Search code examples
scalaperformanceapache-sparkrdd

Spark RDD: multiple reducebykey or just once


I have code like following:

// make a rd according to an id
def makeRDD(id:Int, data:RDD[(VertexId, Double)]):RDD[(Long, Double)] = { ... }  
val data:RDD[(VertexId, Double)] = ... // loading from hdfs
val idList = (1 to 100)
val rst1 = idList.map(id => makeRDD(id, data)).reduce(_ union _).reduceByKey(_+_)
val rst2 = idList.map(id => makeRDD(id, data)).reduce((l,r) => (l union r).reduceByKey(_+_))

rst1 and rst2 get the sample result. I thought rst1 require more memory (100 times) but only one reduceByKey tranform; however, rst2 require less memory but more reduceByKey tranforms (99 times). So, is it a game of time and space tradeoff?

My question is: whether my analysis above is right, or Spark treat translate the actions in the same way internally?

P.S.: rst1 union all sub rdd then reduceByKey,which reduceByKey is outside reduce. rst2 reduceByKey one by one, which reduceByKey is inside reduce.


Solution

  • Long story short both solutions are relatively inefficient but the second one is worst than the first.

    Let's start by answering the last question. For low level RDD API there are only two types of global automatic optimizations (instead):

    • using explicitly or implicitly cached tasks results instead recomputing complete lineage
    • combining multiple transformations which don't require a shuffle into a single ShuffleMapStage

    Everything else is pretty much a sequential transformations which defines DAG. This stays in contrast to more restrictive, high level Dataset (DataFrame) API, which makes specific assumptions about transformations and perform global optimizations of the execution plan.
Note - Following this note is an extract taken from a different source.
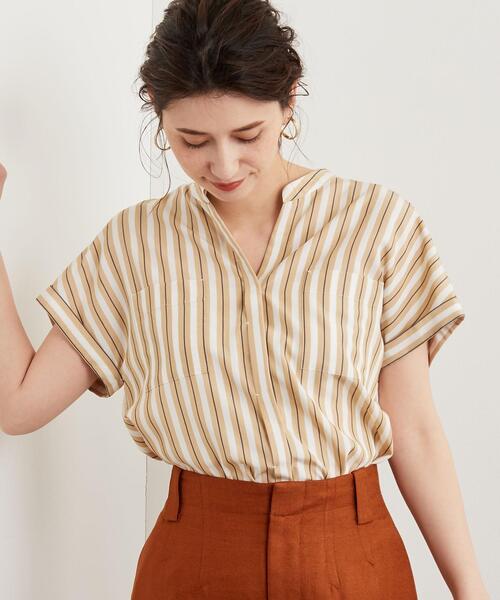 green label relaxing（グリーンレーベルリラクシング）の「FM ポケットツキ ショートスリーブ ブラウス（シャツ/ブラウス・レディース・ベージュ/オリーブ/ピンク/オフホワイト・FREE）」の19枚目の写真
    Regarding your code. The biggest problem with the first solution is a growing lineage when you apply iterative union. It makes some things, like failure recovery expensive, and since RDDs are defined recursively, can fail with StackOverflow exception. A less serious side effect is a growing number of partitions which is doesn't seem to be compensated in the subsequent reduction*. You'll find a more detailed explanation in my answer to Stackoverflow due to long RDD Lineage but what you really need here is a single union like this:

    sc.union(idList.map(id => makeRDD(id, data))).reduceByKey(_+_)
    

    This is actually an optimal solution assuming you apply truly reducing function.

    The second solution obviously suffers from the same problem, nevertheless it gets worse. While the first approach requires only two stages with a single shuffle, this requires a shuffle for each RDD. Since number of partitions is growing and you use default HashPartitioner each piece of data has to be written to disk multiple times and most likely shuffled over the network multiple times. Ignoring low level calculations each record is shuffled O(N) times where N is a number of RDDs you merge.

    Regarding memory usage it is not obvious without knowing more about data distribution but in the worst case scenario the second method can express significantly worse behavior.

    If + works with constant space the only requirement for reduction is a hashmap to store the results of map side combine. Since partitions are processed as a stream of data without reading complete content into memory, this means that total memory size for each task will be proportional to the number of unique keys and not the amount of data. Since the second method requires more tasks overall memory usage will be higher than the first case. On average it can be slightly better due to data being partially organized but it is rather unlikely to compensate additional costs.


    * If you want to learn how it can affect overall performance you can see Spark iteration time increasing exponentially when using join This is slightly different problem but should give you some idea why controlling number of partitions matters.